— Task requirements —
Please set down, word for word, the line that contains "основе соседствующих растений одностороннем" and every line after it to the end of the entries below, omitting the pictures.

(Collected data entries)
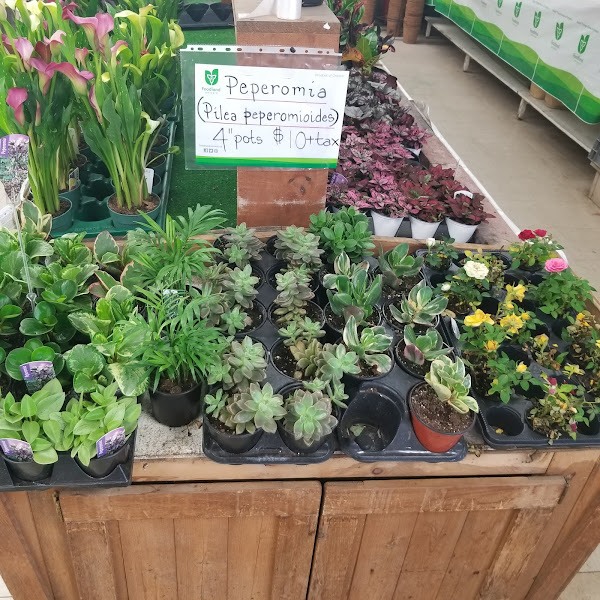Pistritto Farm Fresh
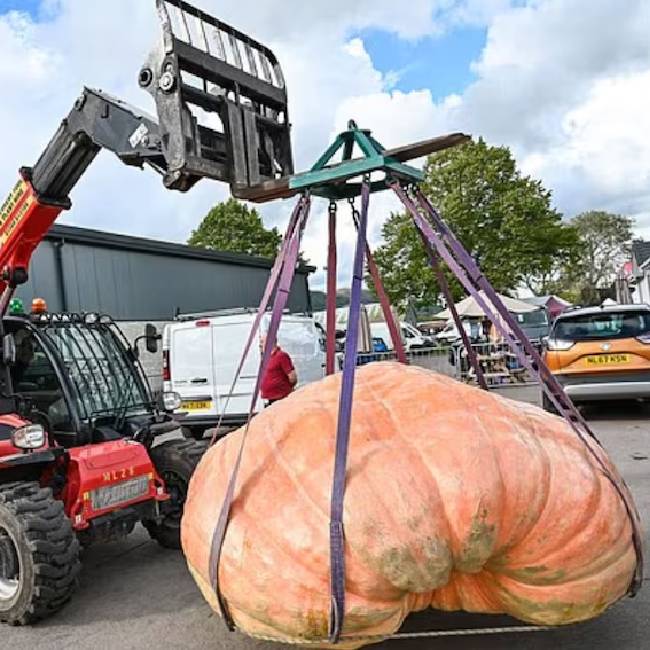 pumpkin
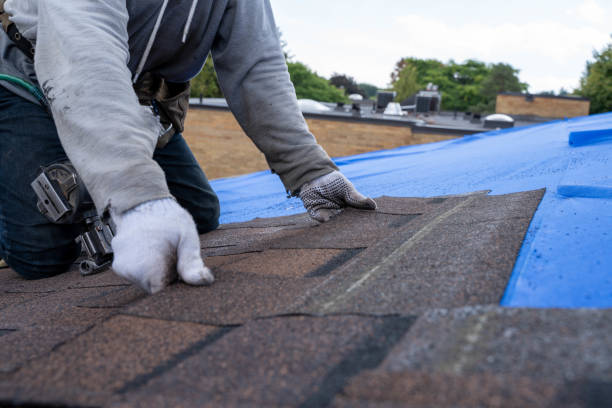 Roof Gutter Cleaning in Hico, TX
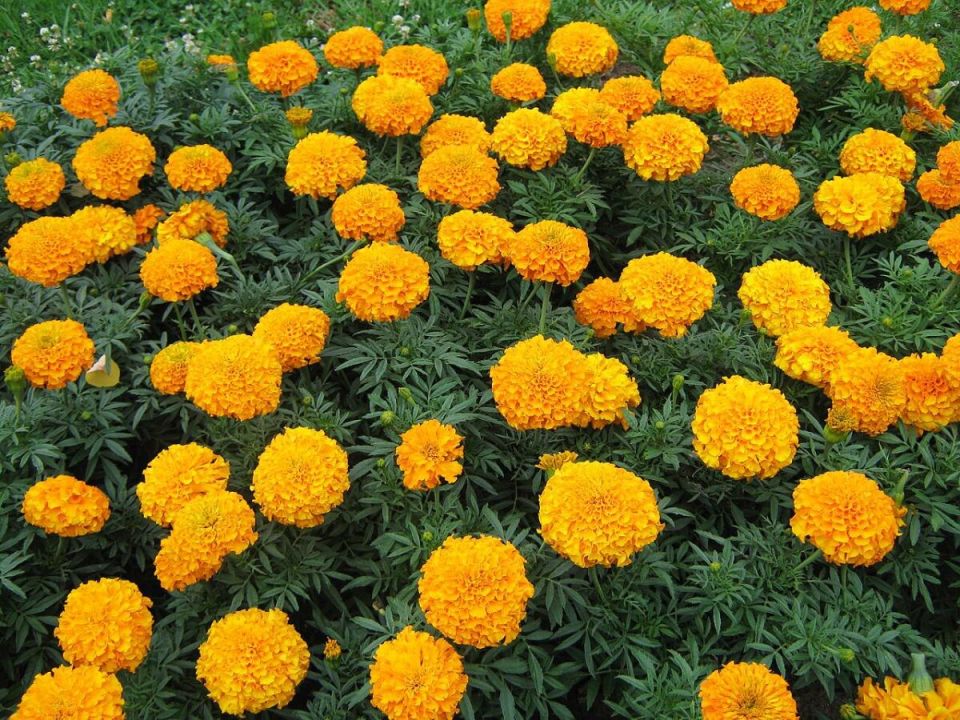 Как вырастить бархатцы: секреты легкого ухода за пышным цветением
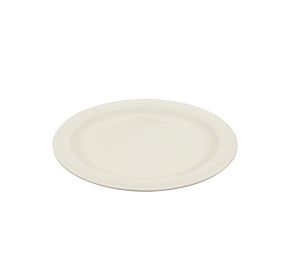 Dwight Plate N.R. IV 10 1/4"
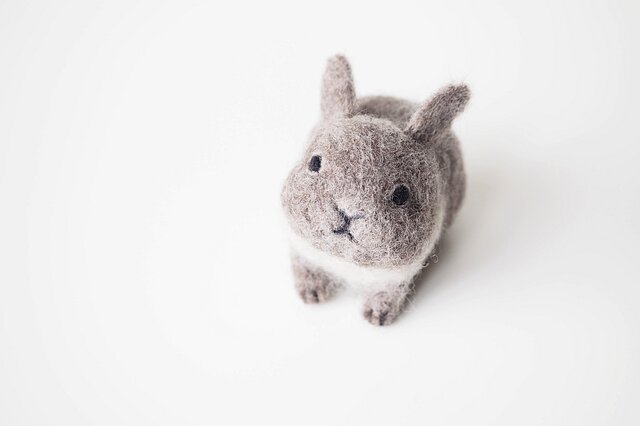 うさぎちゃんの画像1枚目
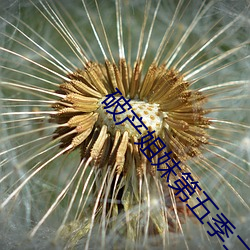 破产(産)姐妹第五季二十五万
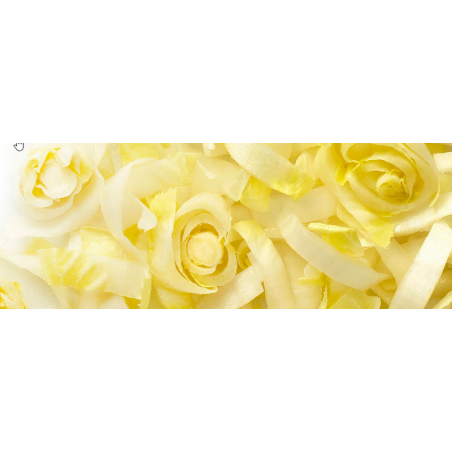 ARDO Chicon Hachés 10mm 10kg (endives)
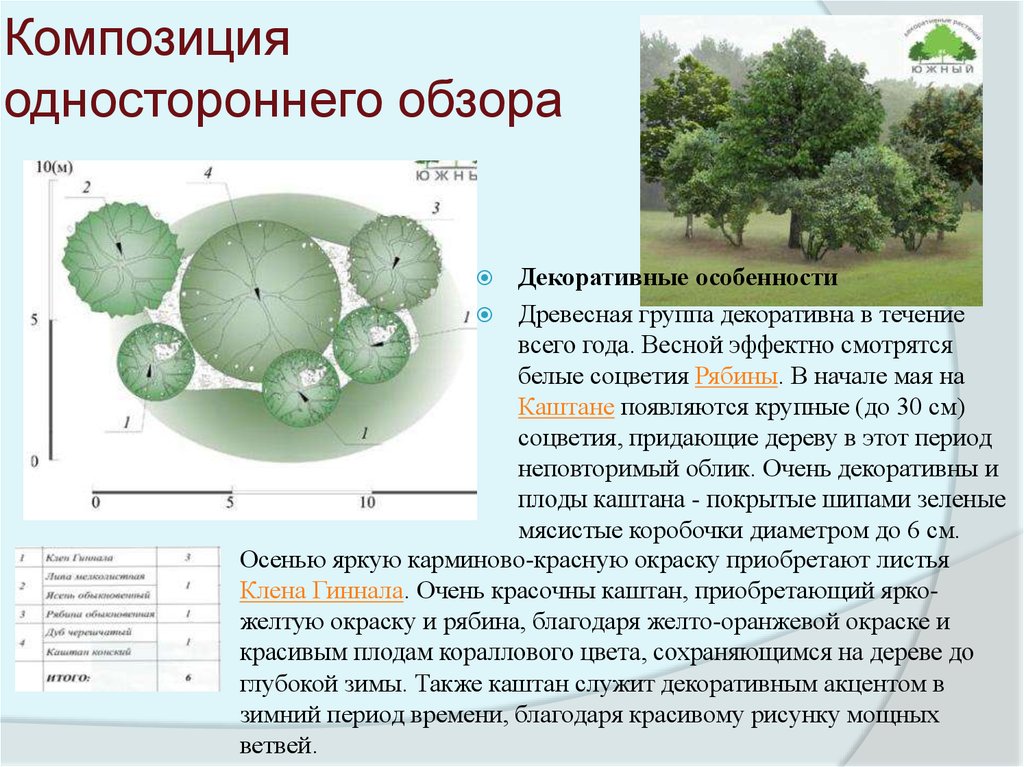 основе соседствующих растений одностороннем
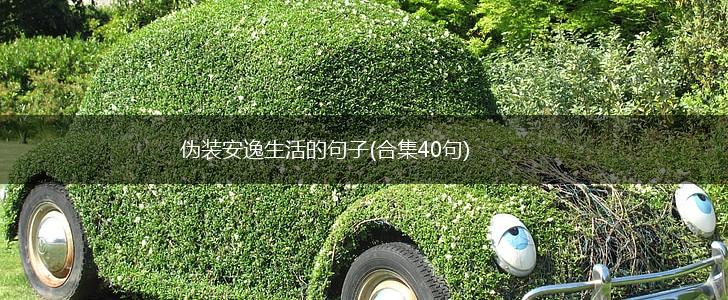 伪装安逸生活的句子(合集40句),第1张
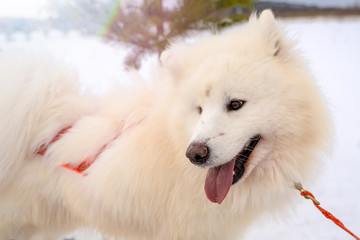 Parts of the face of a Siberian dog.happy muzzle Siberian husky. close up husky dog.The dog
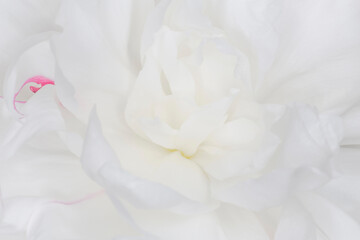 close up of beautiful fresh white peony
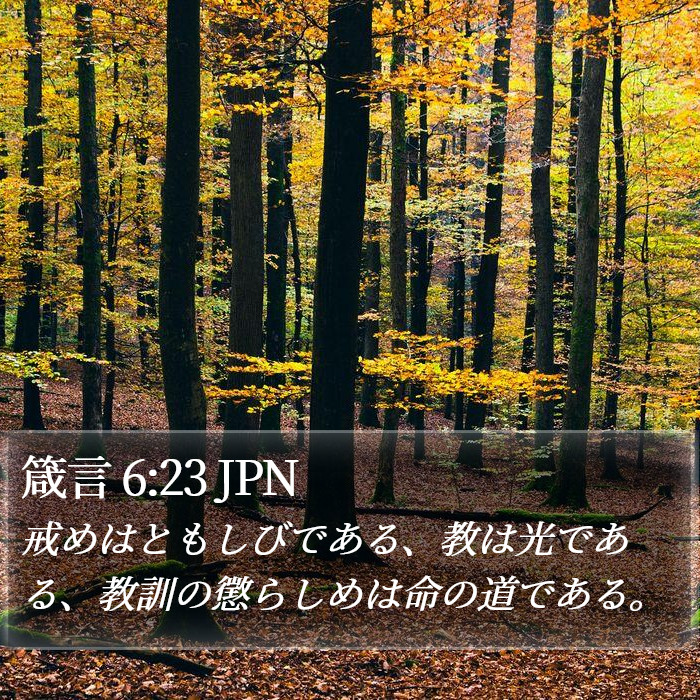 箴言 6:23 JPN Bible Study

— Output below —
 основе соседствующих растений одностороннем
 伪装安逸生活的句子(合集40句),第1张
 Parts of the face of a Siberian dog.happy muzzle Siberian husky. close up husky dog.The dog
 close up of beautiful fresh white peony
 箴言 6:23 JPN Bible Study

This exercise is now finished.